Alla fine, la curiosità ha avuto il sopravvento, ed ho installato Snapchat. Tutti a descriverlo (tentare di) come il nuovo fenomeno sociale del web, a paragonarlo (tentare di) a fenomeni epocali quali l’instant messaging in sé, tutti a definirlo (tentare di) ammettendo però da subito che se non ci sei dentro, non puoi capirlo (e a me venivano in mente i club finto esclusivi e le sette che poi muoiono tutti bruciati vivi).

Che poi qua si aprirebbe un’infinita parentesi sulle recensioni che non recensiscono, ma vabbè.

Questa non è una recensione. Non pretende in esserlo, e non riuscirebbe ad esserlo nemmeno volendo, principalmente per due motivi: l’ho tenuto installato per un paio d’ore – usandolo per i dieci minuti di cui sopra – e non ci ho capito granchè.

Ho avuto qualche impressione sparsa, che qui proverò a trascrivere in bit altrettanto sparsi.

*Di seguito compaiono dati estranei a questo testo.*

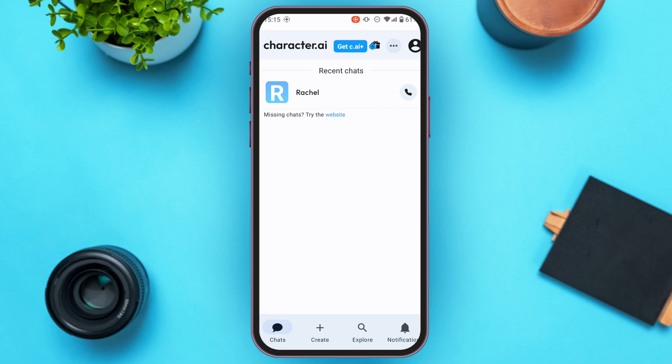Once you're logged into your account, you'll be led to this interface. Initially, you'll be in the Chats interface, where you'll be able to see your recent chats. In order to delete the chat history, tap on the chat of your choice.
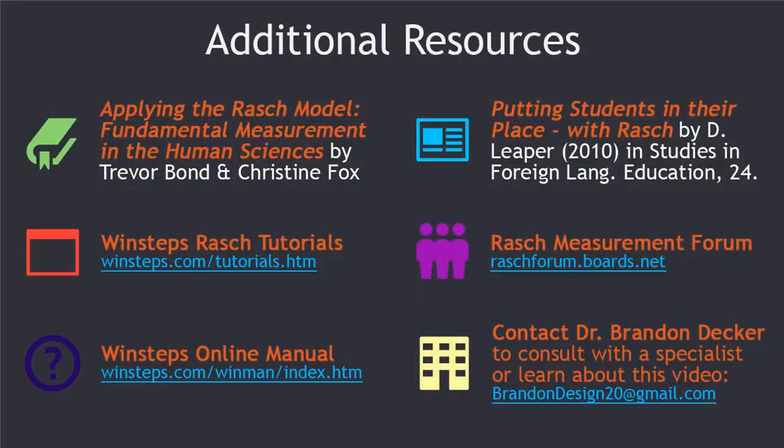Here are some more resources for you. I highly recommend the book by Bond and Fox, and the Winsteps Rasch tutorials and the Rasch measurement forum are extremely useful. You can also contact me if you would like to get more information about this video or to consult with a specialist.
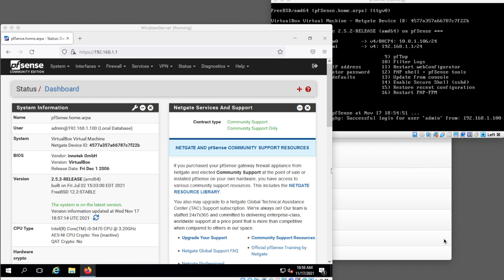Alright, so I'm back at the same place I left off in the last video. What I'm going to do here is actually change my pfSense so that it is an actual private network connected to a public network.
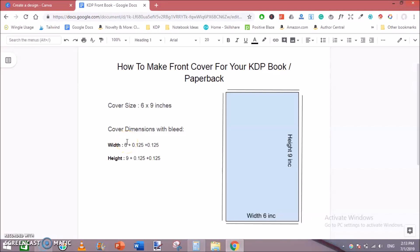Welcome guys, in this video I am going to show you how to make a front cover for your KDP book or paperback. While making a front cover, the main thing is cover size. For demonstration purpose, I am making a front cover of 6 into 9 inches. The width of the cover would be 6 inches and its height would be 9 inches.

Snapchat è molto popolare tra i giovani (lasciate perdere i media che se ne stanno impadronendo (tentando di), tipo MTV, o il National Geographic, o le grandi news corp americane ed inglesi: cercano solo un ulteriore canale di comunicazione per la stessa roba).
Posso capire piuttosto facilmente il perchè: Snapchat è veloce (molto, forse pure troppo, ma ci torneremo), colorato, divertente, eccessivo, visuale più che testuale. Un’orgia di Emoji che nemmeno gli stickers di Telegram (che personalmente trovo divertentissimi), stabilmente oscillanti tra il kawaii e il cinismo a basso realismo di un Adventure Time.
Potrebbe tranquillamente sostituire il 99% dei selfie da chat ( e probabilmente mira anche a quello, e probabilmente ci riesce pure – almeno per il suo bacino d’utenza privilegiato); adesivi di animaletti a cartoon con frasi fatte buone per tutte le occasioni, appiccicate sui propri autoscatti usati per decidere dove si va quando si esce: la macchina da guerra definitiva.

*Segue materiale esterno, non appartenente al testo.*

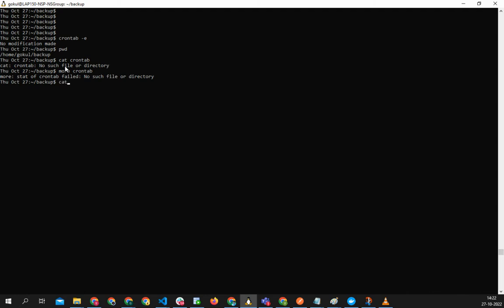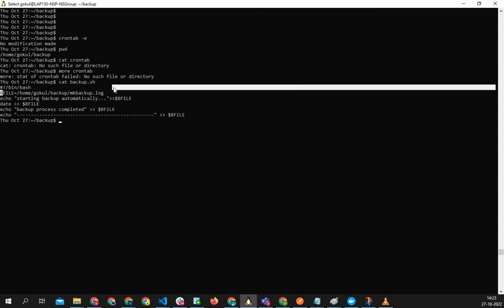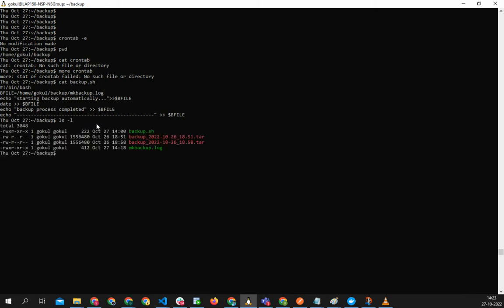Let me show you what is there in that backup.sh. So this is basically the location where I have got mkbackup.log, I'll show you that also. ls -l, so I have got mkbackup.log.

Considerazioni pseudo tecniche a latere: pur essendo un sistema di messaggistica (ed in questo nemmeno troppo raffinato perchè volutamente vago come modalità d’uso – ma torneremo anche su questo), Snapchat implementa alcune funzioni che vorrei vedere ovunque, indipendentemente dalla piattaforma.
Una velocità di inserimento dei messaggi imbarazzante (guarda caso, la cosa più lenta da fare è scrivere: mandare una foto o un filmato con gli arcobaleni è infinitamente più veloce); una realizzazione tecnica con i fiocchi (il sistema appare stabile nonostante sia un misto di audio, video, foto, GIF, Emoji, testo e via dicendo); la funzione di autocancellazione dei messaggi inviati e letti è semplicemente geniale, finalizzata com’è ad abbattere del tutto ogni inibizione (sotto questo punto di vista Snapchat è la più clamorosa eccezione che io conosca al detto – per il resto sacrosanto – secondo cui “Internet non dimentica” [1]) ed imporre una certa leggerezza di fondo a qualsiasi conversazione (il tutto con un lato oscuro non da poco, ma – indovinate un po’? – anche di questo ne parliamo tra poco).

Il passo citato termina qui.